Does bootstrap method help for small sample? In my mind, bootstrap is a solution when you don't have belief in a normality assumption. If your data is random enough, it might be convincing to sample from your sample and get an empirical distribution for your statistic.
But if the size of your sample is small, even if you believe your sample is random, can you say bootstrap is the best way for small sample? Would there be a chance that your bootstrap result is biased?
Best Answer
The validity of the bootstrap is based on asymptotic arguments, so there is not much basis to say that bootstrap is the best way for a small sample.

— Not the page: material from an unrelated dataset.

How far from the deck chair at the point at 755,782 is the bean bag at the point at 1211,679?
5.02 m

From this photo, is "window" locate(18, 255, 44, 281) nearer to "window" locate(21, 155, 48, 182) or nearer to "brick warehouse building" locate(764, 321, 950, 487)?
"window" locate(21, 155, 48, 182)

However, there are some situations where there is good reason to prefer bootstrap to usual asymptotic inference for small (or really any) samples. Some uses of bootstrap achieve what is called an asymptotic refinement. This refers to a situation where the bootstrap estimate of the distribution of your estimator converges faster than the usual asymptotic approximation. For example, if you have some asymptotically normal estimate, $\sqrt{n}(\hat{\theta} - \theta) \leadsto_d N(0,\sigma^2)$, then $$P( \sqrt{n}(\hat{\theta}-\theta)/\hat{\sigma} < z) = \Phi(z) + O(n^{-1}),$$ i.e. the size distortion of hypothesis tests decreases at rate $1/n$. Some versions of bootstrap can be shown to have size distortions that decrease at a rate faster than $1/n$. Specifically, using bootstrap to compute the distribution of a pivotal statistic (one whose asymptotic distribution is completely known, like the t-statistic) generally gives this faster convergence. In this example if for each bootstrap replicate of the data, you calculate $t_b = \sqrt{n}(\hat{\theta}_b - \hat{\theta})/\hat{\sigma}_b$, and let $\hat{F}$ be the CDF of the $t_b$, then
$$P( \sqrt{n}(\hat{\theta}-\theta)/\hat{\sigma} < z) = \hat{F}(z) + o(n^{-1})$$ Here we have a little $o$ where before there was a big $O$. This gives some hope that when bootstrapping pivotal statistics, the bootstrap might be more accurate for small samples than the usual asymptotic approximations.